*Data segment:*
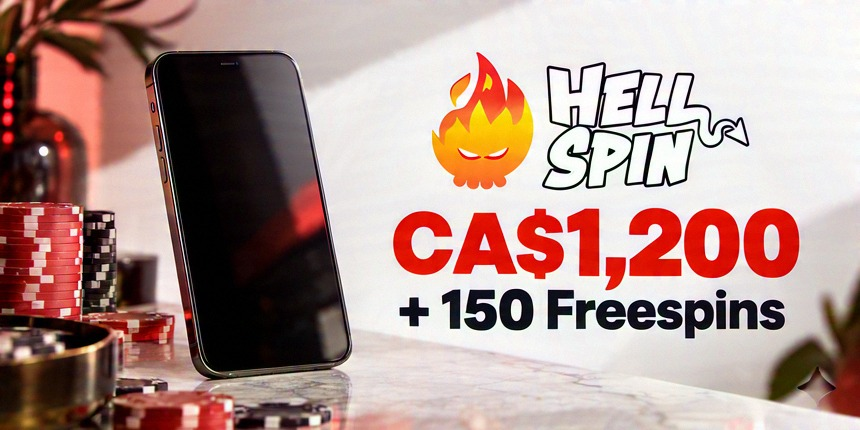 Trusted Casinos Hell Spin CA$1,200 + 150 Freespins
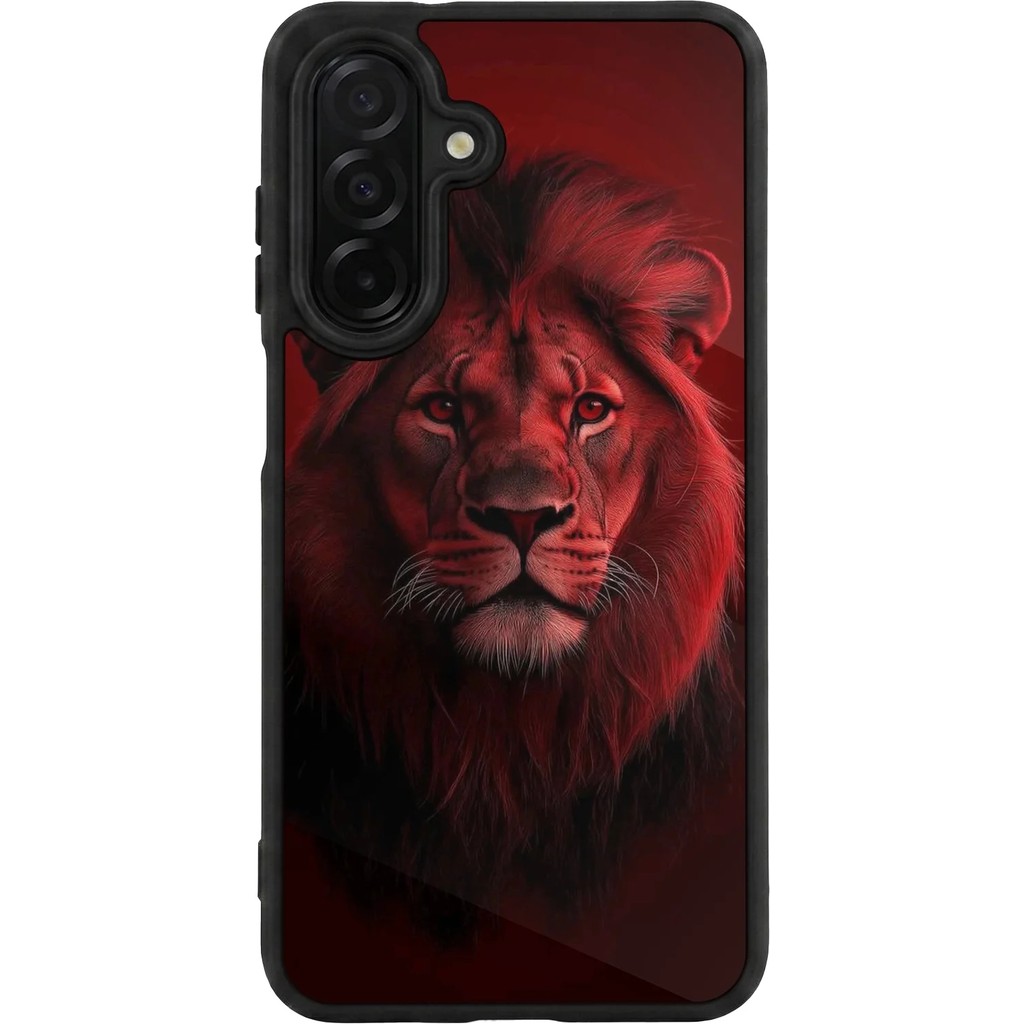 BG AKSESUAR Samsung Galaxy A56 Uyumlu Aslan Tasarımlı Glossy Premium Kılıf - Siyah - Aslan-42 Cep Telefonu Kılıfı Fiyatı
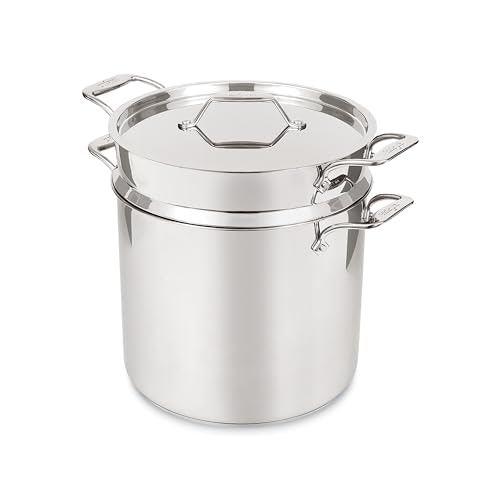 All-Clad Simply Strain 16-Quart Stainless Steel Stock Pot with Strainer Insert: $159.95 All-Clad Simply Strain 16-Quart Stainless Steel Stock Pot with Strainer Insert: $159.95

*What to work on:* Return the material line for line, from its beginning to the line that contains "BG AKSESUAR Samsung", with the pictures left out.

*Solution below:*
 Trusted Casinos Hell Spin CA$1,200 + 150 Freespins
 BG AKSESUAR Samsung Galaxy A56 Uyumlu Aslan Tasarımlı Glossy Premium Kılıf - Siyah - Aslan-42 Cep Telefonu Kılıfı Fiyatı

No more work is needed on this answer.